- UCR -researchers Retrain AI models to keep security intact when trimmed to smaller units
- Changing the starting layer removes protection, retraining of recoveries blocked uncertain answers
- Examination using LLAVA 1.5 showed reduced models that were denied dangerous prompt after training
Researchers at the University of California, Riverside, address the problem of weakened security in open source artificial intelligence models when adapted to smaller devices.
Since these systems are trimmed to run effectively on phones, cars or other low -power hardware, they may lose the protective measures designed to prevent them from producing offensive or dangerous material.
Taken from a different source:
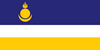 flag_of_buryatia.png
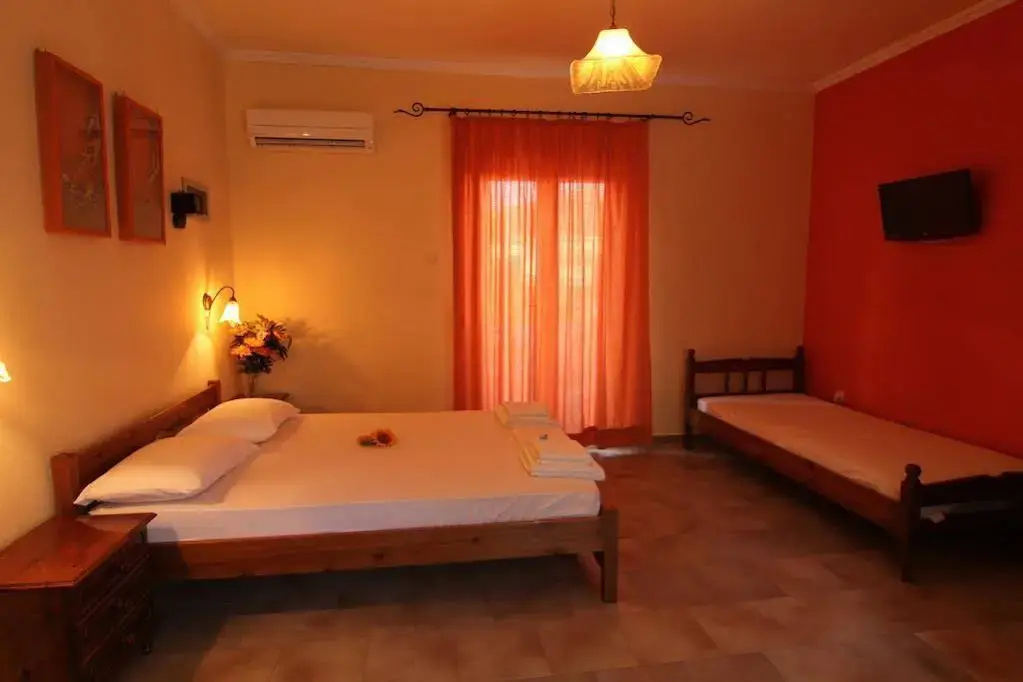 Hotel photo 26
The UCR team examined what happens when a model’s exit layer changes from its standard position.
Weakened safety ranks
Their results presented at the international conference on machine learning in Vancouver, Canada, showed that the security guards are weakened when the starting point has been moved, even though the original model had been trained not to provide harmful information.
The reason models are adjusted in this way is simple. Leaving earlier makes the inference faster and more efficient as the system skips the layers. But these jumped layers may have been critical of filtering unsafe requests.
“Some of the leap layers turn out to be important to prevent insecure output,” said the AMIT ROY-CHOWDHUY, professor of electric and computer technology and senior author of the study. “If you leave them out, the model may start answering questions it shouldn’t.”
To solve this, the researchers retrained the model’s internal structure to maintain the ability to identify and block uncertain material even when trimmed.
This approach does not involve external filters or software spots, but changes how the model interprets dangerous input.
“Our goal was to ensure that the model does not forget how to behave safely when it has been slimmed down,” said Saketh Bachu, UCR student and co-lead author of the study.
The team tested their method on LLAVA 1.5, a vision language model.
When its exit layer was moved earlier than intended, the system responded to harmful prompts, including detailed bomb making instructions.
After retraining, the reduced model consistently refused to give uncertain answers.
“This is not about adding filters or external railings,” Bachu said.
“We change the model’s internal understanding so that it is by default on good behavior, even when it has been changed.”
Bachu and Co-Lead writer Erfan Shayegani called the work “benevolent hacking”, a way of strengthening the models before utilizing vulnerabilities.
“There is still more work to do,” Roy-Chowdhury said. “But this is a concrete step towards developing AI in a way that is both open and responsible.”